The colonel's love for Indian art was cultivated by his father, R C Tandan of Allahabad. R C Tandan was a litterateur and art lover of extraordinary vision. He was a patron of the artist Ramgopal Vijaivargiya, and is the author of a monograph on Nicholas Roerich. An early supporter of Amrita Sher-Gil, one of India's most talented artists, he published The Art of Amrita Sher-Gil in 1937, which is widely considered to be the first account on the artist's work. R C Tandan's interest in ancient coins sparked the family's enduring love for ancient Indian art. This, and a larger interest in antiquities, led to several archaeological expeditions with his son, which kept the legacy of connoisseurship alive.
There is a great pent-up demand among Indian collectors for historically significant artworks. It is now about stoking that interest, and steadily building a demand...
One of the finest collections of Rajasthani miniatures in India was built by Motichand Khajanchi, who came from a family of jewellers in Bikaner. Khajanchi began collecting at the age of 15 and spent lavishly on paintings, sometimes at the cost of being reprimanded by his father. He studied old handwritten manuscripts which deepened his understanding of literary and religious references inherent to the art. As his collection grew, he was recognised as an authority on Rajasthani miniatures. Encouraged by Rai Krishnadasa, renowned art historian and the founder of Bharat Kala Bhawan in Varanasi, he donated some of his paintings to museums to benefit and educate the public. A selection of important works from his collection, curated by Krishnadasa and Khandalavala, was exhibited at the Lalit Kala Akademi in New Delhi, Mumbai and Kolkata in 1960. Some are part of the collection of the National Museum, New Delhi. A selection of important works is now entering the auction market for the first time.
The great collector, Sohrabji K Bhedwar, architect of the Eros Cinema in Mumbai, also built one of the most refined collections of bronze sculptures in India. When the S K Bhedwar Collection came up for sale in the 1970s, Khandalavala advised another friend, Khorshed Karanjavala, to acquire the extraordinary 15-century bronze sculpture of Parvati, which was subsequently auctioned in 2015. Other pieces from the Bhedwar Collection, such as a Gupta period bronze Buddha, widely considered to be the finest in existence, sadly left the country, and are now in the John D Rockefeller III Collection at the Asia Society in New York, and the Norton Simon Museum in Pasadena. They are but a fraction of the exemplary pieces that are part of various private and public collections around the world.
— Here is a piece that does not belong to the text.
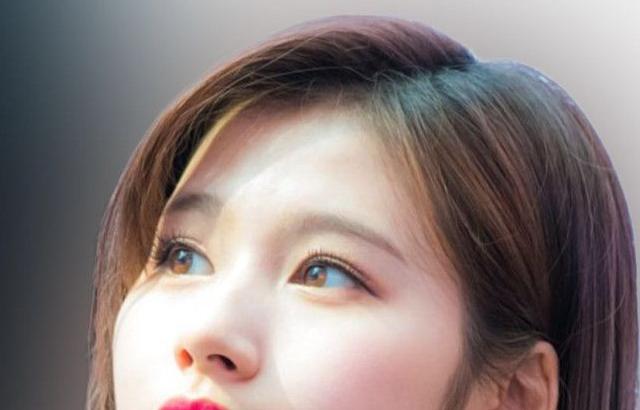 트와이스 사나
Though collecting of classical Indian art has languished in recent decades, the government, institutions and buyers today recognise the importance of bringing antiquities back into the country, as well as retaining them within. The Antiquities and Art Treasures Act of 1972 was put in place for that purpose, and to regulate the sale and transfer of antiquities in the country. There is a great pent-up demand among Indian collectors for historically significant artworks. It is now about stoking that interest, and steadily building a demand and appreciation for this extraordinary legacy. We hope that the stories of these remarkable personalities serve as inspiration for collectors today.